Urodziła na korytarzu, bo nie zdążyła na poród

Jes Hogan jest przykładem, że jeśli chodzi o poród nie da się nic zaplanować. Hogan jest mamą szóstki dzieci i każdy jej poród przebiegał inaczej. Narodziny ostatniego dziecka Maxwella były wielkim zaskoczeniem dla rodziców, ponieważ chłopiec tak spieszył się na świat, że mama nie zdążyła dojść na salę porodową, tylko musiała urodzić na szpitalnym korytarzu.

Jes Hogan wspomina, że obudził ją w nocy długi silny skurcz. Obudziła męża i powiedziała: "Travis, to chyba ten moment", a chwilę później odeszły jej wody. Mąż szybko zawiózł Jes do szpitala i w momencie, kiedy szli korytarzem, kobieta poczuła nagle, że główka dziecka już jest między nogami.
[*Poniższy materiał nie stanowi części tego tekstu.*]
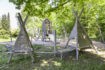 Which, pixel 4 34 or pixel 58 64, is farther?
pixel 4 34

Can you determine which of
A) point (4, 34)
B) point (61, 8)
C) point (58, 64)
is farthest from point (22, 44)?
point (4, 34)

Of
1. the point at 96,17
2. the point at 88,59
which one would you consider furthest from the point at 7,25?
the point at 88,59

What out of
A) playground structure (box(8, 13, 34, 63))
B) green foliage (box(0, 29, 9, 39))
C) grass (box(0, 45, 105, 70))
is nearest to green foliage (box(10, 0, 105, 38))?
playground structure (box(8, 13, 34, 63))

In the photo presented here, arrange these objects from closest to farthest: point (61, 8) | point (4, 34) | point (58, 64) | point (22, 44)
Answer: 1. point (58, 64)
2. point (22, 44)
3. point (61, 8)
4. point (4, 34)

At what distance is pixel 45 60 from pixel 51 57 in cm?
52

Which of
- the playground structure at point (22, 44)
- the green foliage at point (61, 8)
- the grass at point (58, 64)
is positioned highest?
the green foliage at point (61, 8)

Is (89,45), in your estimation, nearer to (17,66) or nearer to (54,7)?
(54,7)

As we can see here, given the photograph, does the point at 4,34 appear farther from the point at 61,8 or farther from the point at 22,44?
the point at 22,44

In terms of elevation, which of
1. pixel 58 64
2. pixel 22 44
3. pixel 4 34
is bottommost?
pixel 58 64

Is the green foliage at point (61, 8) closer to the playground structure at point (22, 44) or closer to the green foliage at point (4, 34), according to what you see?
the playground structure at point (22, 44)

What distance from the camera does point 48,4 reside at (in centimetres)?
765

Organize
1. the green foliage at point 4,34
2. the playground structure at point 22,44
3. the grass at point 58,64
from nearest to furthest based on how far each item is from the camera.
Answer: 1. the grass at point 58,64
2. the playground structure at point 22,44
3. the green foliage at point 4,34

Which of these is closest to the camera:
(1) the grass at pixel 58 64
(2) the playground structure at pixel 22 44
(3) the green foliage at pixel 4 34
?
(1) the grass at pixel 58 64

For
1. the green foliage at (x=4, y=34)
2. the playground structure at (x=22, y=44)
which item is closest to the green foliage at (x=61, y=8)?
the playground structure at (x=22, y=44) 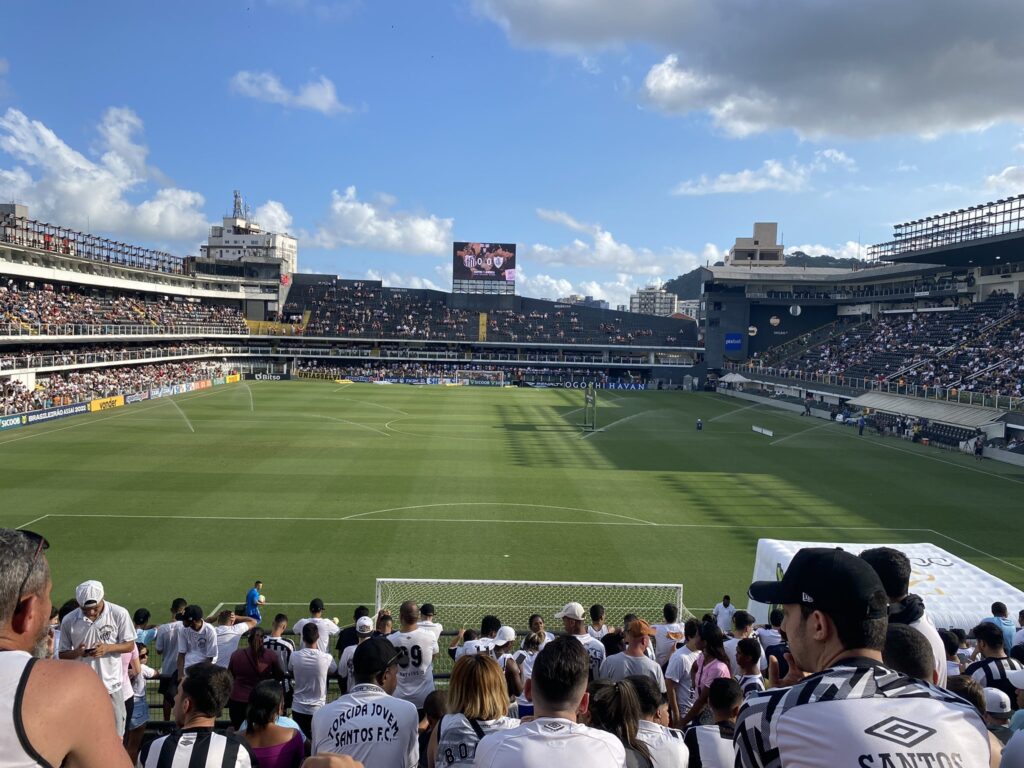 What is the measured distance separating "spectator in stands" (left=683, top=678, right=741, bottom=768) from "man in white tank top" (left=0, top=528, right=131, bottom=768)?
3462 millimetres

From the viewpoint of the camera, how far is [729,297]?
87125 mm

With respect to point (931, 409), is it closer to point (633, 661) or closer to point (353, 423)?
point (353, 423)

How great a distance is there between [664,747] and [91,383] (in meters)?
60.9

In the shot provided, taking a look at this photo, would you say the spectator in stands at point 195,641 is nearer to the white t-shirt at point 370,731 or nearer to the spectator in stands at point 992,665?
the white t-shirt at point 370,731

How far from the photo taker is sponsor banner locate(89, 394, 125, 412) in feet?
160

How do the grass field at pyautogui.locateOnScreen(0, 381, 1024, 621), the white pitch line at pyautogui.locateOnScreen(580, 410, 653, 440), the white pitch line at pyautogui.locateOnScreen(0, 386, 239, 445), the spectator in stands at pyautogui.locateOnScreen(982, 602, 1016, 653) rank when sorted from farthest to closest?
the white pitch line at pyautogui.locateOnScreen(580, 410, 653, 440), the white pitch line at pyautogui.locateOnScreen(0, 386, 239, 445), the grass field at pyautogui.locateOnScreen(0, 381, 1024, 621), the spectator in stands at pyautogui.locateOnScreen(982, 602, 1016, 653)

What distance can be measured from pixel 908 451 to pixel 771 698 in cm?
4343

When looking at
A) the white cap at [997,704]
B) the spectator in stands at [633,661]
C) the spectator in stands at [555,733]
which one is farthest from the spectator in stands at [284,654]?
the white cap at [997,704]

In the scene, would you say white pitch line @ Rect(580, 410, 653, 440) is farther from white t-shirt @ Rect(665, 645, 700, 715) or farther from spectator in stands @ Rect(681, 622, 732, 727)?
spectator in stands @ Rect(681, 622, 732, 727)

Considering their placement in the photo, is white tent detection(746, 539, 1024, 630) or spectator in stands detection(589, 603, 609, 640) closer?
spectator in stands detection(589, 603, 609, 640)

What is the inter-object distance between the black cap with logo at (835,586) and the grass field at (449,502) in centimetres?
1475

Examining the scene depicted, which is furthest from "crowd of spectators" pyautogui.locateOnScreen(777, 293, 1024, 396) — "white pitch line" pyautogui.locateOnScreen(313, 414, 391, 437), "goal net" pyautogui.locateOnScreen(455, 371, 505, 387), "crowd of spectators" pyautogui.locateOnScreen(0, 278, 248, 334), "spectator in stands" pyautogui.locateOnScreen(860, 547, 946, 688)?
"crowd of spectators" pyautogui.locateOnScreen(0, 278, 248, 334)

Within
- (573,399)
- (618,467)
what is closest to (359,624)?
(618,467)

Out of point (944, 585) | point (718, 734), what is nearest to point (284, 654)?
point (718, 734) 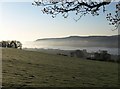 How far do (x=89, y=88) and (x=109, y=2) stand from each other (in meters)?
4.78

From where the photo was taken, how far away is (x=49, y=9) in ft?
40.0

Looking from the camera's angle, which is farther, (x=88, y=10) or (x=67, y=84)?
(x=67, y=84)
Wiem, że w tym momencie powiedziałam coś w rodzaju - o Boże, on tu jest. Wtedy zaczęłam zdejmować spodnie, bo czułam, jak głowa dziecka wychodzi z mojego ciała." - relacjonuje Jes

Do Jes przybiegły położne, które próbowały położyć kobietę. W tym czasie mąż trzymał główkę dziecka, które już wychodziło na świat. Maxwell urodził się niecałe 25 minut po przybyciu Jes do szpitala.

To był mój najbardziej szalony poród, ale także najdoskonalszy. To wcale nie było to, co zaplanowałam, ale skończyło się bez interwencji, ze zdrowym dzieckiem i niesamowitym wsparciem ludzi. To było piękne i na zawsze pokocham każde jego wspomnienie. - dodaje Jes Hogan

Niesamowity poród uwieczniony na zdjęciach

Niesamowity poród możemy obejrzeć, dzięki zdjęciom fotografki Tammy Karin z Little Leapling Photography, która za zgodą kobiety opublikowała je w mediach społecznościowych. W ten sposób chciała pokazać, że nie każdy poród wygląda tak, jak go sobie zaplanujemy.

Sytuację uchwyciła fotograf, Tammy Karin z Little Leapling Photography. Za zgodą mamy odpublikowała je na Facebooku, by pokazać kobietom, że poród nie zawsze przebiega tak, jak go zaplanujemy.

Piękno narodzin, nawet gdy sprawy nie przebiegają zgodnie z planem - czytamy pod wpisem fotografki.